И это говорит о хорошо налаженном быте поморов, рассчитанном на месяцы и годы пребывания.
И в заключение маленькая притча Бориса Шергина, которая лучше, точнее всяких общих слов расскажет о том, что чувствует — переживает человек, вступив в единоборство с морем.
«По слову Великого Новгорода шли промышленные лодьи во все концы Студеного моря-океана. Лодьи Гостева сына Ивана ушли дальше всех. Гостев оследил нехоженый берег…
Вечно ходит солнце с востока на запад. Гуси и гагары с теплом летят в север, с холодами — в юг. Так же обычаем сорок лет мерил Гостев Иван неизмерное море. Сочти этот путь и труд человеческий!
Уже честная седина пала в бороду Гостева, и тут прямой его ум исказила поперечная дума: «Берег я прибрал себе самый удаленный, путь туда грубый и долгий. Не сыскать ли промысел поближе, чтобы дорога была покороче…»
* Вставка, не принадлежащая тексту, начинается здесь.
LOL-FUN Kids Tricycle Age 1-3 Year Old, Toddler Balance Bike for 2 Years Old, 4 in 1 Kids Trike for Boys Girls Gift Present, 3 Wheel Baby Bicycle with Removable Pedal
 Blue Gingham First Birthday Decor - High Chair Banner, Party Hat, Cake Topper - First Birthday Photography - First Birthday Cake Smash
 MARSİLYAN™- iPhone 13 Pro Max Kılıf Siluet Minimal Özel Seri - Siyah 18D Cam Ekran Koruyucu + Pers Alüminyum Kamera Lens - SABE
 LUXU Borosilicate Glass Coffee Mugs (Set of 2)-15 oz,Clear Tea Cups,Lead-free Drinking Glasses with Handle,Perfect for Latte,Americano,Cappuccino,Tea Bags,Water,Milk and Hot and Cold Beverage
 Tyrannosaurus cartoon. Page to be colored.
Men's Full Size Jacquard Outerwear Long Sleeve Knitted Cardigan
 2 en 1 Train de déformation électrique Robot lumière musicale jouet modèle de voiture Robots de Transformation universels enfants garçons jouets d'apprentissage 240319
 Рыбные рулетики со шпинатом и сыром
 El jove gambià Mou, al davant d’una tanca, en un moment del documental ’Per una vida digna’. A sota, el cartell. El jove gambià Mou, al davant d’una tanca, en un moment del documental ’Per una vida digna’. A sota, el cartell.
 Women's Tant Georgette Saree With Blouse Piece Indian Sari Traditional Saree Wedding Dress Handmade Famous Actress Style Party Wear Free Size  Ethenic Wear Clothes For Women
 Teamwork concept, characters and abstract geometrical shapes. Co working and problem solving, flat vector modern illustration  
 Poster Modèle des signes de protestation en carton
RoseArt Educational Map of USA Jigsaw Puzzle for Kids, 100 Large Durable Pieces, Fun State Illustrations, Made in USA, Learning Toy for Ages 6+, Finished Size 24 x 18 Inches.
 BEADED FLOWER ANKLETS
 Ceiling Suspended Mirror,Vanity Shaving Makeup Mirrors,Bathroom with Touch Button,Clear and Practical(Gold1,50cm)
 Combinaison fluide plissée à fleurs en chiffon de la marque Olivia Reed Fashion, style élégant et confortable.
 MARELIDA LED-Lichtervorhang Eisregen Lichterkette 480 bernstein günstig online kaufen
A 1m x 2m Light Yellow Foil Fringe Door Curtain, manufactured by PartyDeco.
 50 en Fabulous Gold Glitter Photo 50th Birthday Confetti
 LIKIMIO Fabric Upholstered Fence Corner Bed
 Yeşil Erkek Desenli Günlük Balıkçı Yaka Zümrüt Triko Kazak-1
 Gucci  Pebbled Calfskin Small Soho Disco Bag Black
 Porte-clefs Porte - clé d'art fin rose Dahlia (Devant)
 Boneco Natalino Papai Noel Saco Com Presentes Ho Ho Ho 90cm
В таком смятении ума стоит Гостев у кормила лодейного: «Кому надобны неиссчетные версты моих путеплаваний? Кто сочтет морской путь и морской труд?»
…Перед глазами бескрайнее море, волны рядами-грядами. И видит Гостев: у середовой мачты стоит огнезрачная девица… Она что-то считает вслух и счет списывает в золотую книгу.
— Кто ты, о госпожа? — ужаснулся Гостев. — Что ты считаешь и что пишешь?
— Я премудрость божья, София Новгородская. Я считаю версты твоего морского хода. О, кормщик! Всякая верста твоих походов счислена, и все пути твоих лодей исчислены и списаны в книгу жизни…
— Ежели так, о, госпожа,- воскликнул. Гостив, — то и дальше дальних берегов пойду и пути ладей моих удвою!
Путь туда грубый и долгий… Кто сочтет морской путь и морской труд?.. И дальше дальних берегов пойду и пути лодей моих удвою!»